Le texte change-t-il la philosophie de la justice des mineurs ?
Nadia Beddiar. Non, il reste assez fidèle à ses grands principes. À savoir, la nécessité de juridictions spécialisées, la primauté accordée à l’éducatif et l’atténuation de la responsabilité pénale liée à l’âge. C’est d’ailleurs dans ce dernier cadre qu’est instaurée une présomption de non-discernement pour les moins de 13 ans. Si cette mesure permet enfin de se conformer au droit international, elle risque toutefois, dans les faits, de ne pas changer grand-chose aux pratiques : le magistrat a toujours la possibilité d’y déroger le cas échéant, et les moins de 13 ans sont encore susceptibles de l’objet d’une retenue dans un commissariat – on est loin, là, de la présomption d’irresponsabilité… Enfin, dernier point : quid des très jeunes enfants auteurs d’infractions qui pourraient logiquement être pris en charge par l’aide sociale à l’enfance (ASE) des départements, dont on connaît pourtant les difficultés financières… ?
La simplification de la procédure pénale, destinée à accélérer les procédures, est-elle bienvenue ?
N. B. Elle induit surtout un paradoxe : elle aboutit à une standardisation des procédures, là où la philosophie de l’ordonnance de 1945 était de spécialiser l’action pénale pour adapter au mieux la réponse à la personnalité du mineur.

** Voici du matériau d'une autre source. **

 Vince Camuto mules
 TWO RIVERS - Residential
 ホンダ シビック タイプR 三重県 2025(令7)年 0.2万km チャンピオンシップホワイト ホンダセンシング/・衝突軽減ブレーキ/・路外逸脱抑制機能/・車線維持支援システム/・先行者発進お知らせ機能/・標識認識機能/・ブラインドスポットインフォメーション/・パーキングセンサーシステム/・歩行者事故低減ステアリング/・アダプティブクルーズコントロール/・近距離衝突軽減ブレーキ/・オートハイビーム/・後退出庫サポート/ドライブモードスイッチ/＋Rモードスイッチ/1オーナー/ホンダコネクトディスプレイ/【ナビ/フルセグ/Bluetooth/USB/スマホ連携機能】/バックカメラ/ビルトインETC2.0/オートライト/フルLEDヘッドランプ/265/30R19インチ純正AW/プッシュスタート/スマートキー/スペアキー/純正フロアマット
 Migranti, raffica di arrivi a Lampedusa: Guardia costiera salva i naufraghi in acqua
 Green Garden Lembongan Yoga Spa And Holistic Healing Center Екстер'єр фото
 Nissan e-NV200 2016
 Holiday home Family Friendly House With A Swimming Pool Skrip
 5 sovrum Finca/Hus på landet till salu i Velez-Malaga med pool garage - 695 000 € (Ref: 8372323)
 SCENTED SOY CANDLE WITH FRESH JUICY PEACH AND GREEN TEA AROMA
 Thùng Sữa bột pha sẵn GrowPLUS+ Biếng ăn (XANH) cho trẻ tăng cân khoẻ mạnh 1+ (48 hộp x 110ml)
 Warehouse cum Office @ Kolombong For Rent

Ce qui suppose donc de prendre du temps pour mener des investigations… Cette simplification s’inscrit en réalité dans le mouvement général de répression de la délinquance juvénile, rendue toujours plus visible à des fins de communication politique. Et ce, alors même que le phénomène n’a pas explosé.
Le déploiement de cette réforme est-il possible sans moyens supplémentaires ?
N. B. C’est difficilement envisageable. En particulier pour permettre aux services de la Protection judiciaire de la jeunesse (PJJ), débordés, de mettre en œuvre la nouvelle mesure éducative judiciaire unique [1], modulable dans le temps et susceptible d’être prolongée jusqu’à 21 ans – ce qui est une bonne chose. Même chose pour les juridictions qui, elles aussi, ont besoin d’être soutenues, car la nouvelle césure du procès implique maintenant d’organiser deux audiences pour une même affaire, et ce dans un délai de six à neuf mois, contre 18 mois aujourd’hui ! On voit mal comment les plus petites d’entre elles notamment pourraient être en mesure de tenir les délais dans ces conditions.
[1] Elle comporte quatre modules : insertion, placement, santé et réparation.